FORGOTTEN CRACKER KING

Condensed by Pat Baehr from an article originally published in the July 1873 issue of The Central Magazine.

Joseph Garneau was born in Quebec, Lower Canada. His mother was descended from the earliest French settlers in the days of the missions. His father Peter was a baker and Joseph followed in his footsteps. He emigrated in 1832 and established himself in the baking business. In a short time Mr. Garneau established an extensive trade with steamboats, supplying all the boats on the Mississippi with bread and crackers. The superiority of his bread and crackers soon gained a widespread reputation, and his trade extended to New Orleans and all principal cities of the South.

Ever attentive to his business, and possessing inventive talents, he invented a machine some years since, combining all the requirements and improvements necessary to its purpose, and which has finally placed its inventor at the head of his calling in the United States, perhaps in the world.

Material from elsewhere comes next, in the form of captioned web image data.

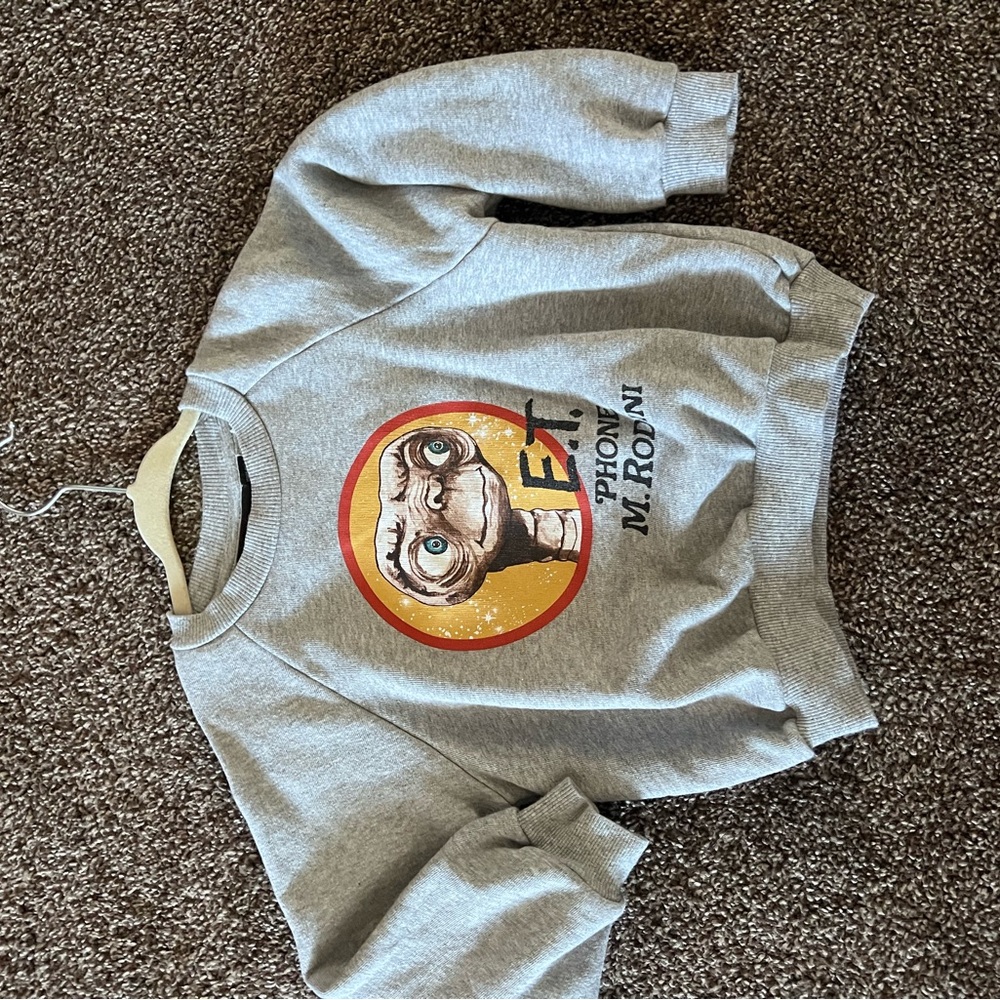 Mini Rodini Gray E.T. Sweatshirt - Picture 2 of 4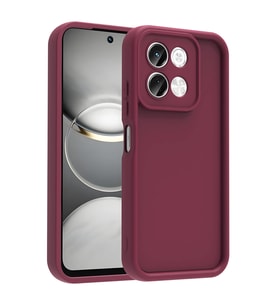 Tecno Spark 30 Kılıf Kamera Korumalı Zore Ananas Kapak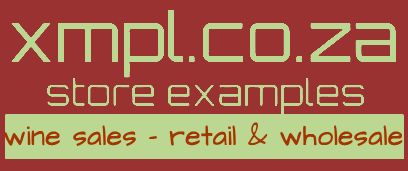 Xmpl WineStore
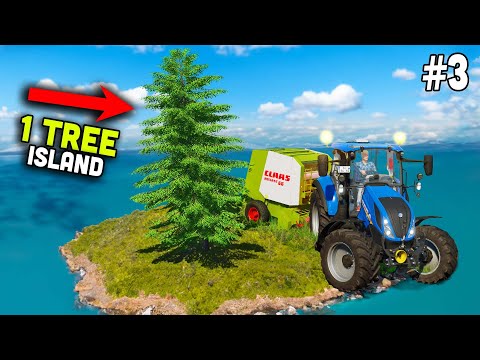 Видео: Начните с 0$ на "Острове 1 дерева" 🚜 #3
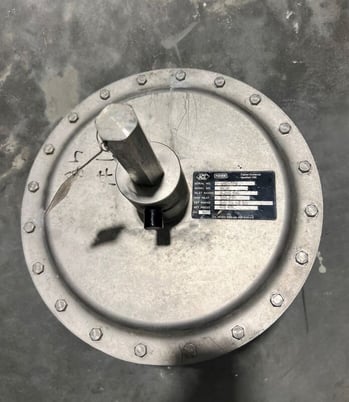 Fisher #ACE95JR, Tank Blanketing Valve, 0-200 psi, 0.5-1.5 psi set range, 0.5 psi set press - Image 1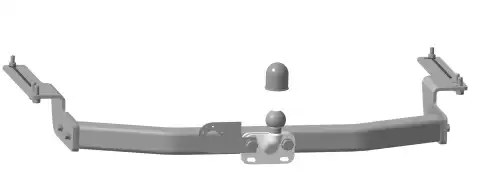 Фаркоп ORIS 3016-F фланцевый 2000 кг./ 120 кг.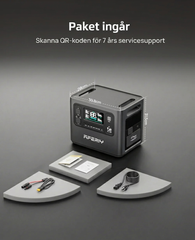 AFERIY Pro P280 – Modulär och supersnabb powerstation med enormt expanderbar kapacitet. 2800W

Garneau’s New Steam Cracker Bakery situated on the northeast corner of Seventeenth and Morgan streets, is the largest in the United States, its dimensions being 160 feet deep by 50 feet wide. The building is brick, three stories in height, and is provided with upwards of 60 windows, which admit a good light to all parts of the building. In this mammoth establishment 104 employees are required to conduct daily business of the bakery, each department of which is under the supervision of a foreman, a foreman in chief attending to the whole establishment.

Some idea of the extent of the new establishment may be inferred from the fact that upwards of 400 barrels of flour are baked in twenty-four hours to meet the daily orders. The cracker oven used is one of McKenzies patent, it bakes the crackers in a very short time. This oven is constructed on the rotary system; the crackers are placed in receiving hopper, alight on the cylinder, revolve once round, and are thoroughly baked in sixteen minutes. When baked they are ejected though a large funnel into a basket, prepared to receive them, a new supply immediately taking their place. Four men are constantly employed in receiving the baked crackers and supplying the new batch.

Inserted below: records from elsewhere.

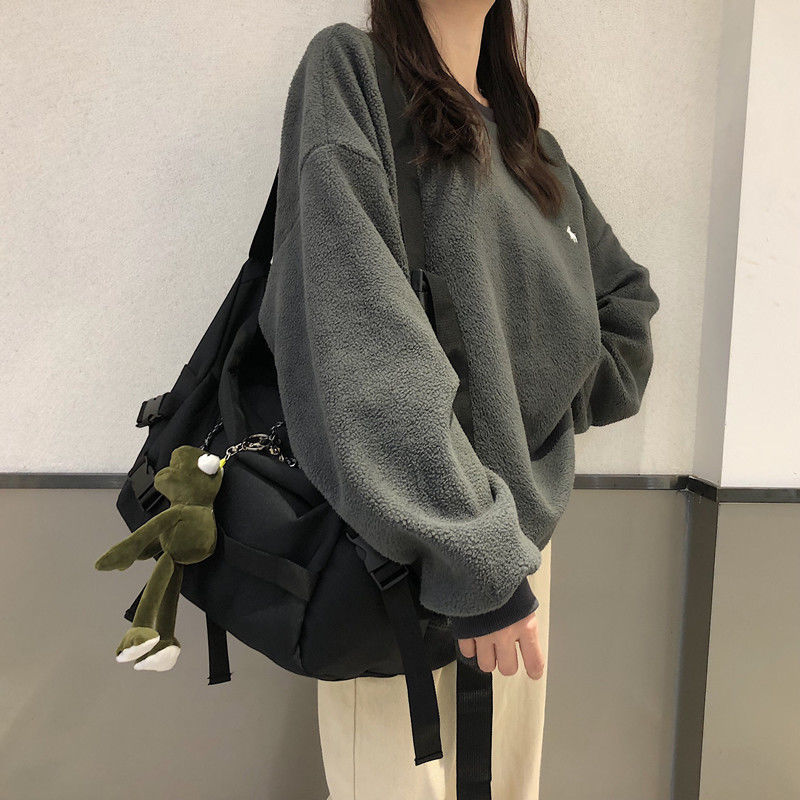 Student Functional Tooling Japanese Large-capacity Canvas Bag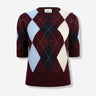 Khaite Mujer Barcelona Jersey Punto Anders color Burdeos sku 712-000558 01 - Foto 1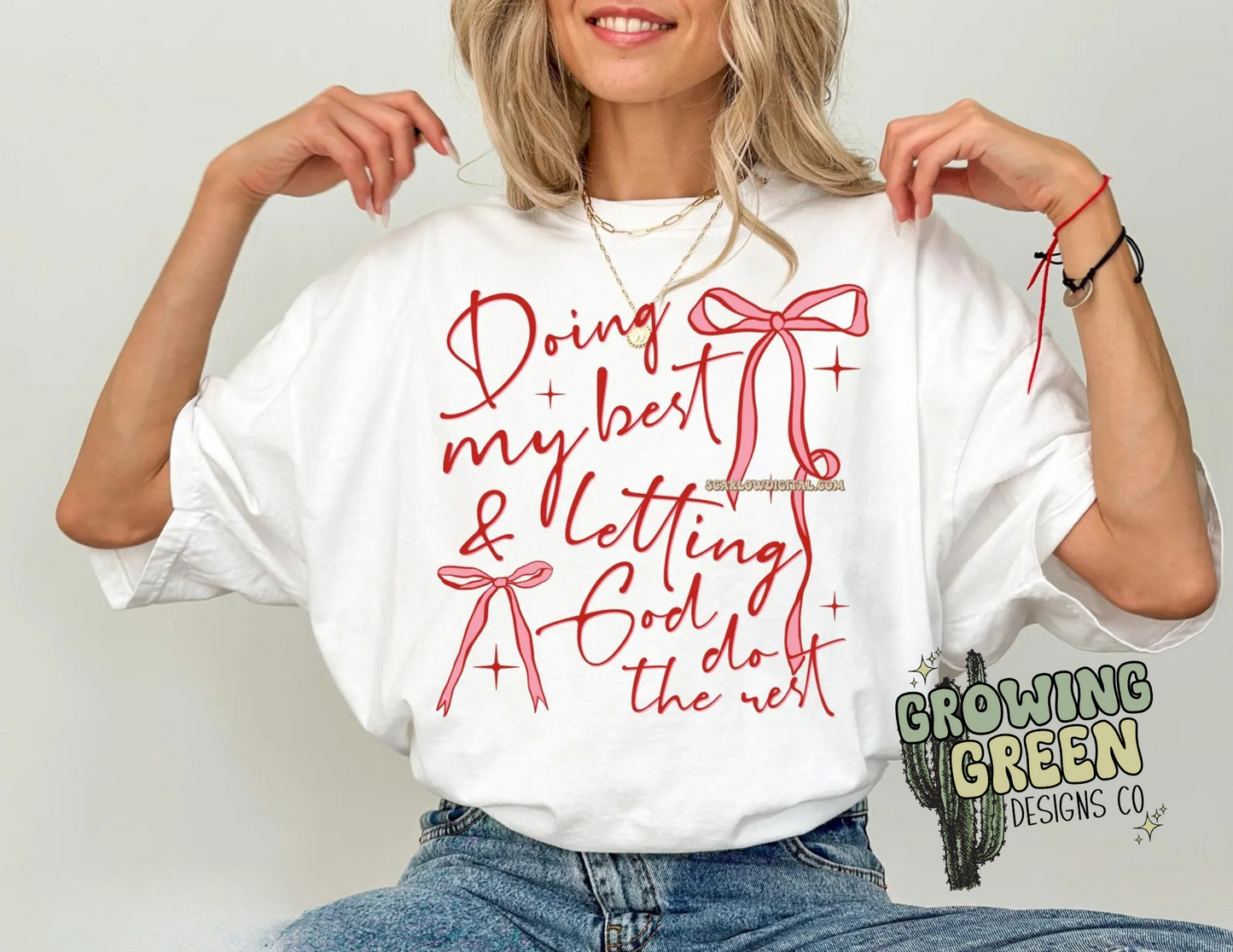 Doing My Best Letting God Do the Rest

The magnitude of the business transacted by Mr. Garneau may be inferred from the fact that he has been supplying the United States Government with army bread for thirty years. Perhaps the largest contracts for bread, filled in a short time, in any part of the universe; have been executed by Mr. Garneau in St. Louis, Two contracts for 3,00,000 pounds of bread each, for the use of the army during the late war [Civil War] were filled in fifty-six days after the reception of the order, and the bread shipped to its destination. It is doubtful that any bakery in the world has baked 6,000,000 pounds of bread and shipped it, in so short a time.

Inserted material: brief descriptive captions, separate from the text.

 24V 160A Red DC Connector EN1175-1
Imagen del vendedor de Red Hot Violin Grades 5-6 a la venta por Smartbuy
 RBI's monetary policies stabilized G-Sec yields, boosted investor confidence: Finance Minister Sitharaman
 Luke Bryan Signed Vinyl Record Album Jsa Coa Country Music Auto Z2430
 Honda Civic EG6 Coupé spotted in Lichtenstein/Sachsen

An incident, which won for Mr. Garneau the esteem of the laboring classes, was that of his furnishing the poor with a twenty ounce loaf of bread for five cents, when the wages paid laboring men, rendered it almost impossible for the father of a family to provide the actual necessities of life for his wife and children, upon the small salary he received.

The massive iron and marble palace that Joseph Garneau built after the war was nicknamed the “Cracker Castle” because he made his fortune selling hardtack to the Union Army. [It has since been lost to urban development.]